*Problem to solve*
Copy out the lines beginning with the one that contains "14K Oval Iolite" and ending with the last line below, exactly as they stand. Pictures are not copied.

[Dataset extract]

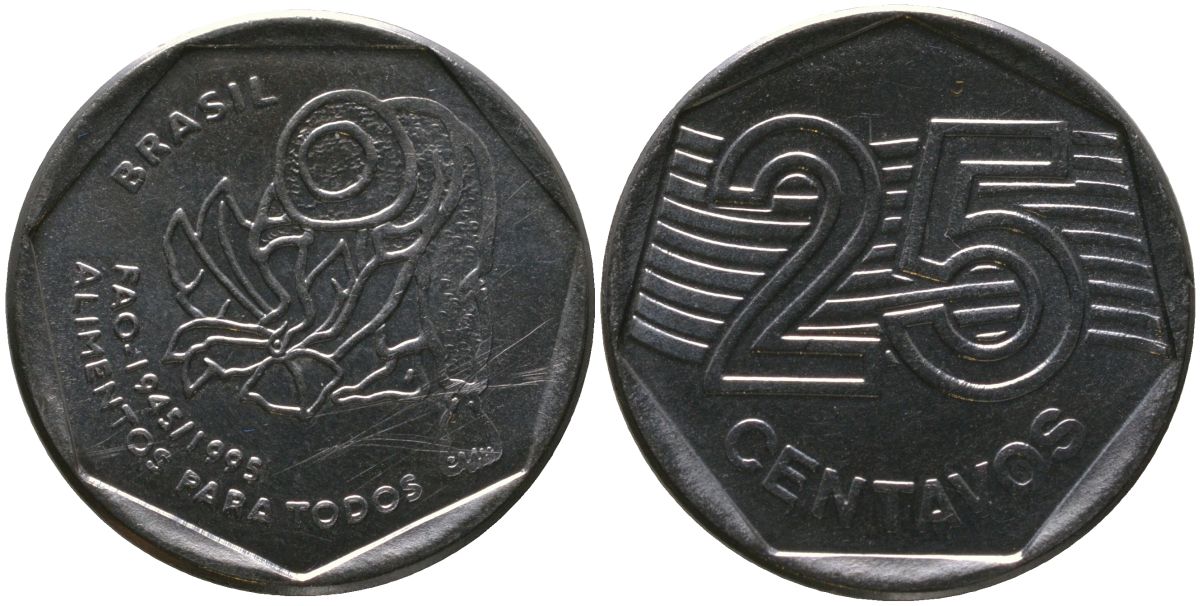 Бразилия 25 сентаво 1995 50 лет Всемирной продовольственной программе KM 642 нержавеющая сталь UNC 4519-1225
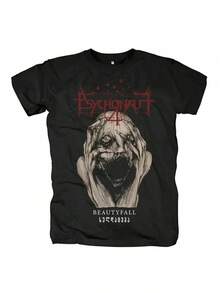 Unisex T-Shirt Of The Black Metal Band Psychonaut4, Harajuku Horror Style, Crew Neck, Cotton, Machine Washable, Collector's Edition, Gift For Men And Women - 黑色 - 查看 1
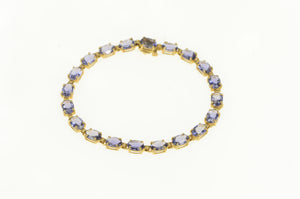 14K Oval Iolite Classic Statement Vintage Tennis Bracelet 7.25" Yellow Gold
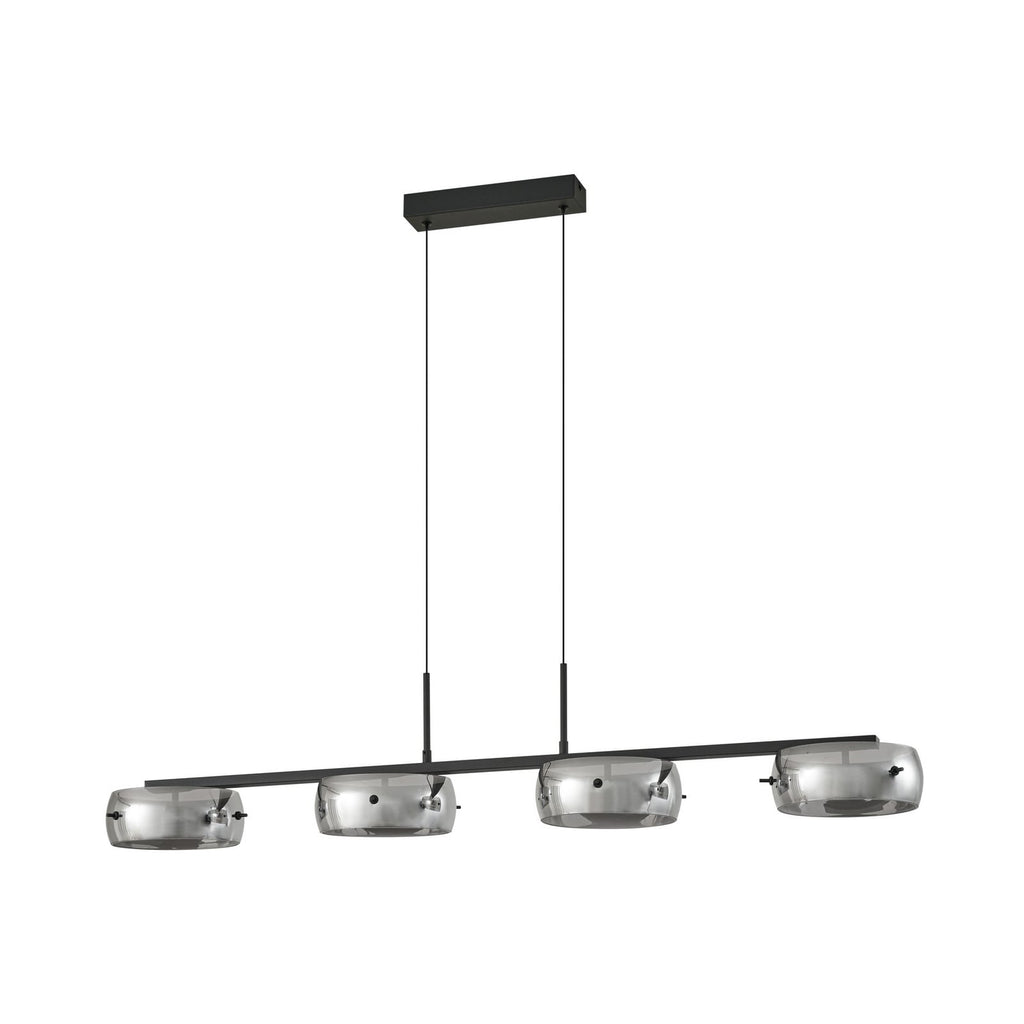 LED pendellampe Martis 4-lys svart glass dimbar nærbilde av dimmer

[/Dataset extract]

*Problem solution*
 14K Oval Iolite Classic Statement Vintage Tennis Bracelet 7.25" Yellow Gold
 LED pendellampe Martis 4-lys svart glass dimbar nærbilde av dimmer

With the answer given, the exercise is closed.